- SOURCE DATA
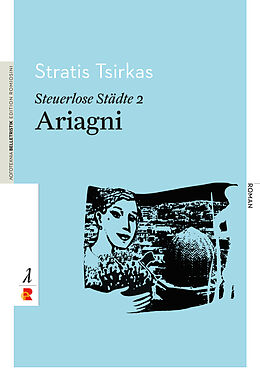 Kartonierter Einband Steuerlose Städte: Ariagni von Stratis Tsirkas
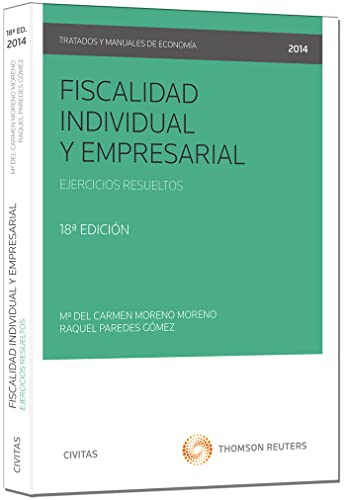 Stock image for Fiscalidad individual y empresarial: Ejercicios resueltos (Tratados y Manuales de Economa) for sale by medimops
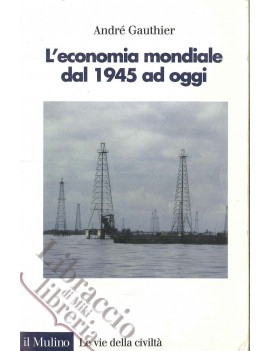 ECONOMIA MONDIALE DAL 1945 AD OGGI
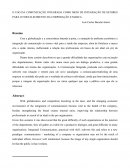 O USO DA COMUNICAÇÃO INTEGRADA COMO MEIO DE INTEGRAÇÃO DE SETORES PARA O FORTALECIMENTO DA CORPORAÇÃO E MARCA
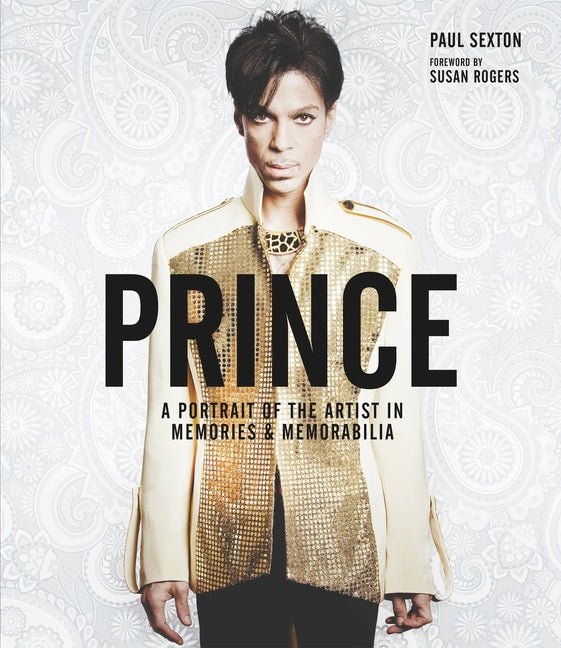 Prince: A Portrait of the Artist in Memories & Memorabilia - Spiral Circle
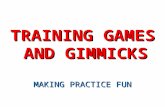 TRAINING GAMES AND GIMMICKS MAKING PRACTICE FUN. WHY? WHY? Motivating Motivating Creative Creative Simple Simple Challenging Challenging Distracting Distracting.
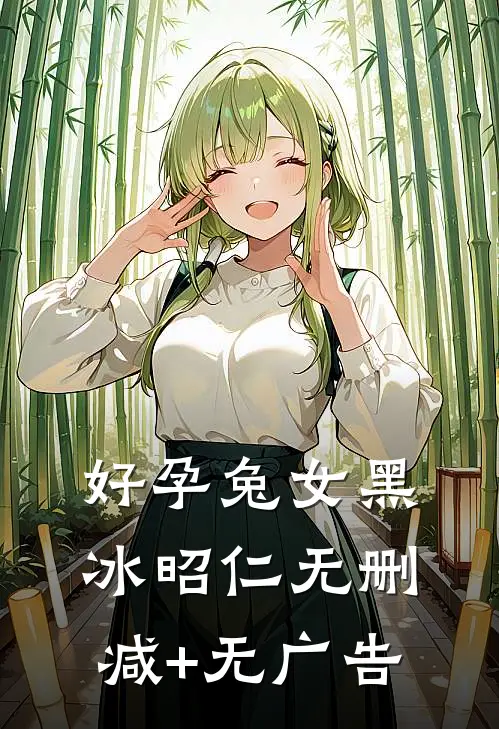 好孕兔女黑冰昭仁无删减+无广告
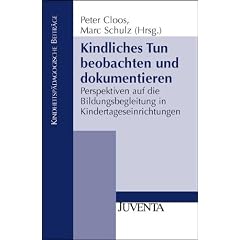 Kindliches Tun beobachten und dokumentieren: Perspektiven auf die Bildungsbegleitung in Kindertageseinrichtungen (Kindheitsp�dagogische Beitr�ge)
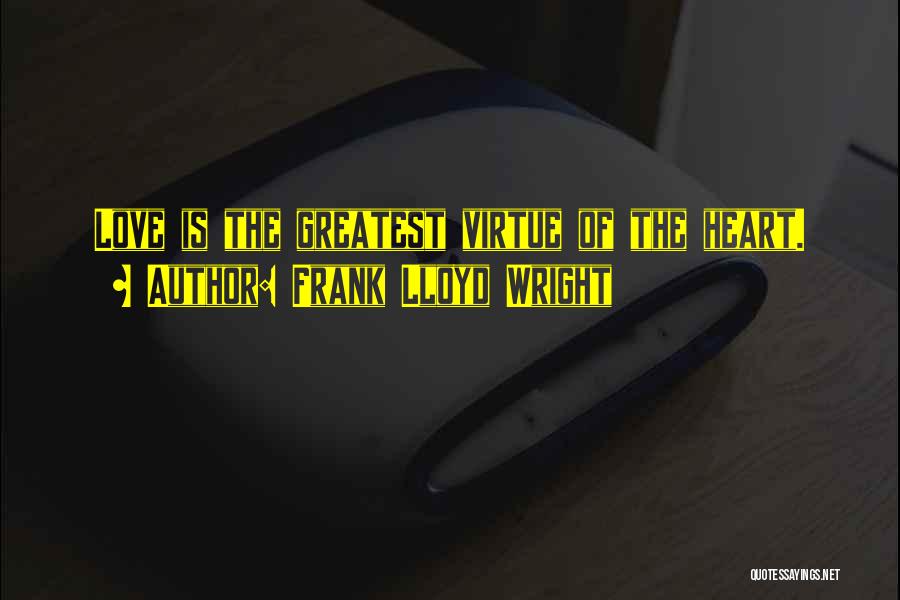 Frank Lloyd Wright Quotes: Love Is The Greatest Virtue Of The Heart.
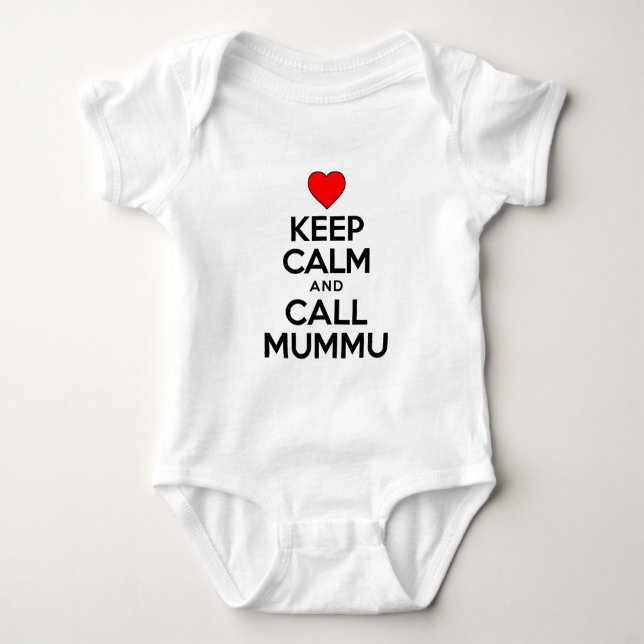 Keep Calm Call Mummu Baby Bodysuit (Front)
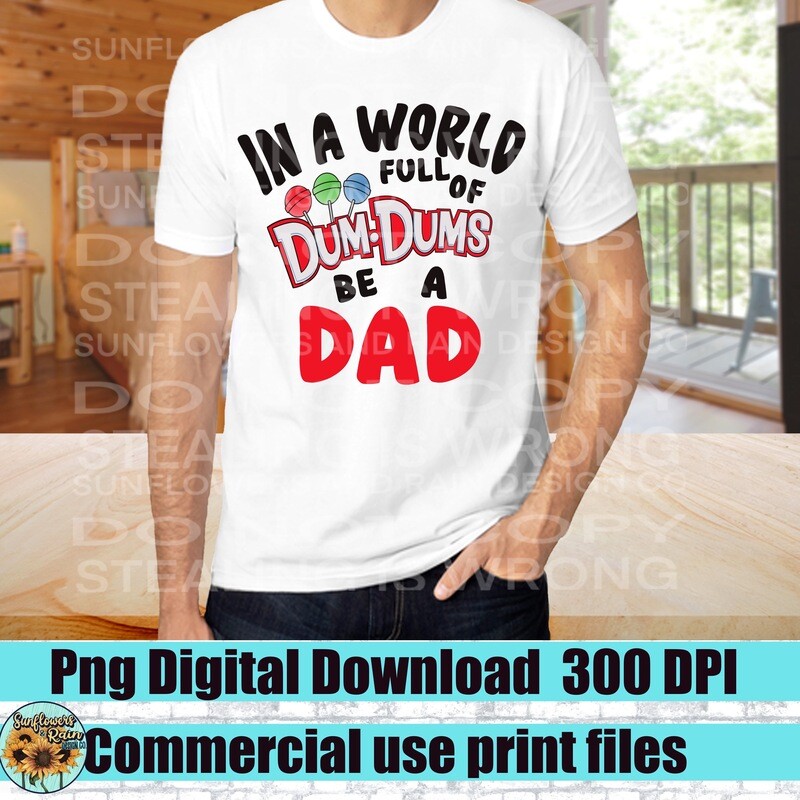In a world full of dum dums be a dad png file included  digital download, Sublimation design.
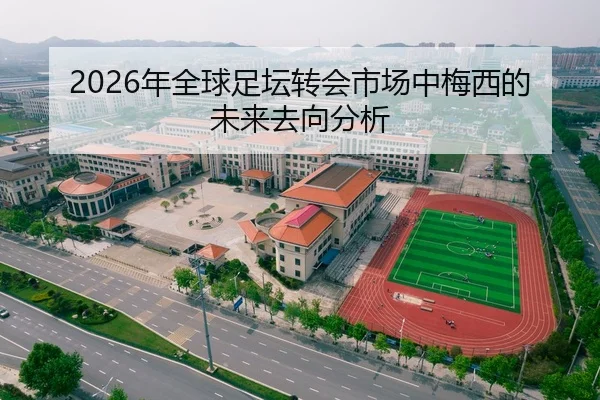 2026年全球足坛转会市场中梅西的未来去向分析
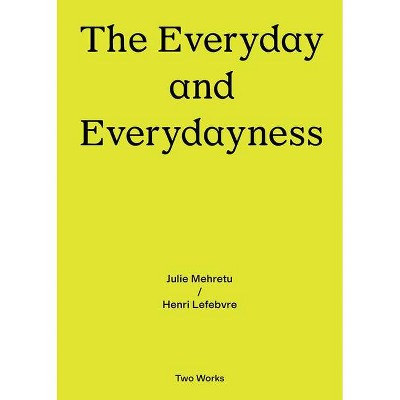 The Everyday and Everydayness - by  Henri Lefebvre (Paperback)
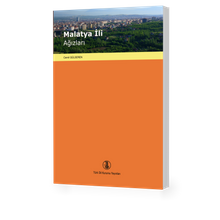 Malatya İli Ağızları  & İnceleme-Metinler-Sözlük ve Dizinler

- WHAT IS REQUIRED
Copy exactly the lines from the line that holds "Kindliches Tun beobachten" to the end of the listing, both included. Leave the pictures out.

- ANSWER BOX
 Kindliches Tun beobachten und dokumentieren: Perspektiven auf die Bildungsbegleitung in Kindertageseinrichtungen (Kindheitsp�dagogische Beitr�ge)
 Frank Lloyd Wright Quotes: Love Is The Greatest Virtue Of The Heart.
 Keep Calm Call Mummu Baby Bodysuit (Front)
In a world full of dum dums be a dad png file included  digital download, Sublimation design.
 2026年全球足坛转会市场中梅西的未来去向分析
 The Everyday and Everydayness - by  Henri Lefebvre (Paperback)
 Malatya İli Ağızları  & İnceleme-Metinler-Sözlük ve Dizinler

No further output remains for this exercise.